Task to carry out:
In the listing below, find the line containing "Un stand d'exposition" and the line containing "Forro em drywall", then copy exactly everything from the first through the second, except the pictures.

Provided records:
****************

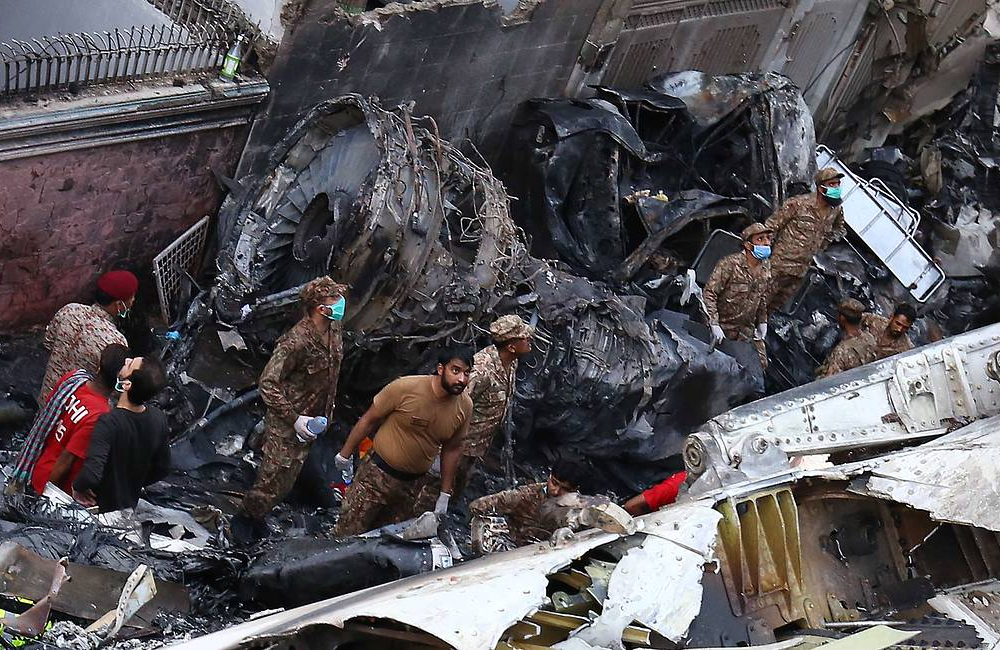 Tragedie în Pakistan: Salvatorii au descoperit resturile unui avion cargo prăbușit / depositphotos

****************

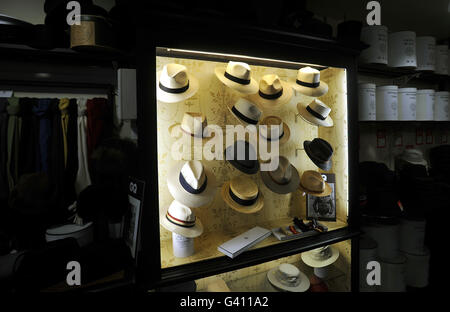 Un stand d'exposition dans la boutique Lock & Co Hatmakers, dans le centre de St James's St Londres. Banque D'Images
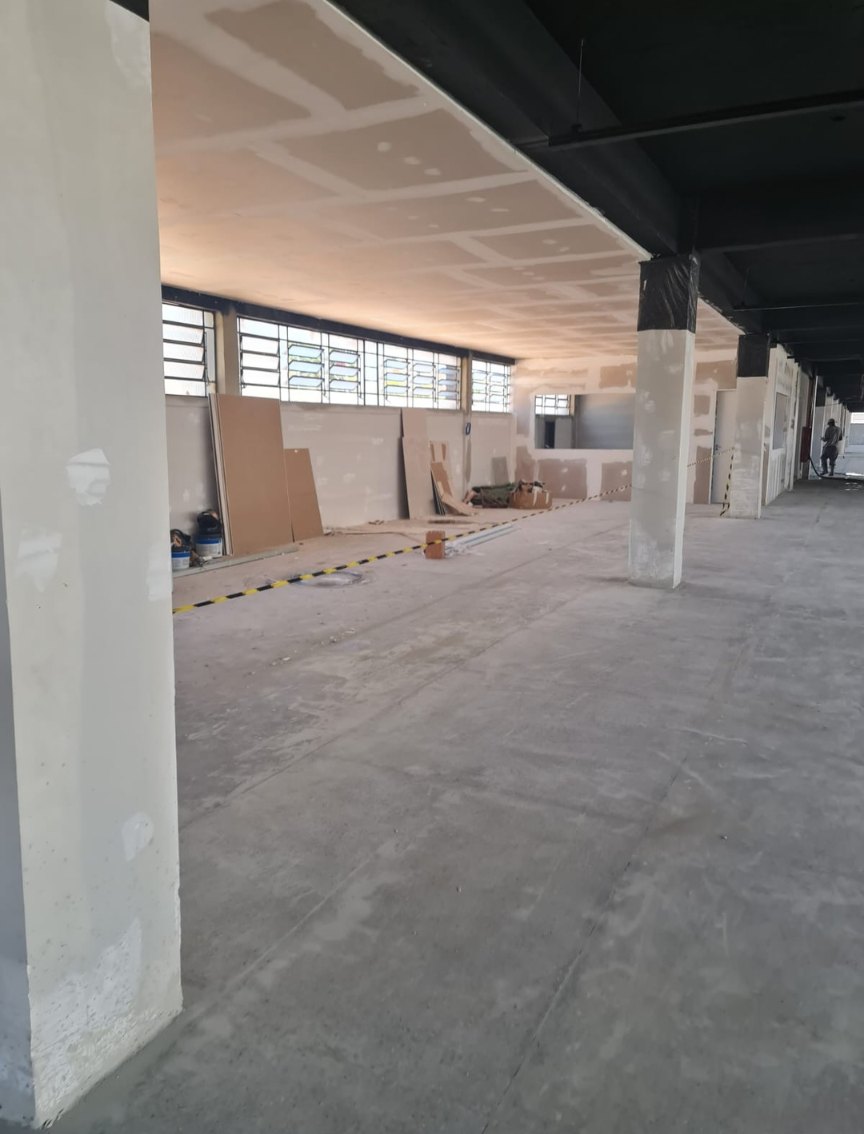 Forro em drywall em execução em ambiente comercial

****************

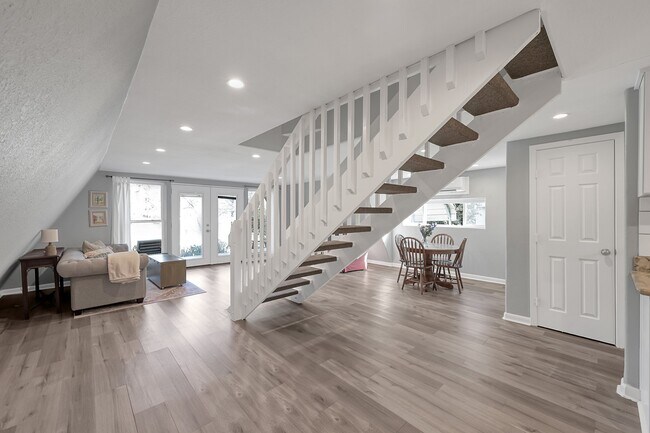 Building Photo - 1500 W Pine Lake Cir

****************

Task solution:
 Un stand d'exposition dans la boutique Lock & Co Hatmakers, dans le centre de St James's St Londres. Banque D'Images
 Forro em drywall em execução em ambiente comercial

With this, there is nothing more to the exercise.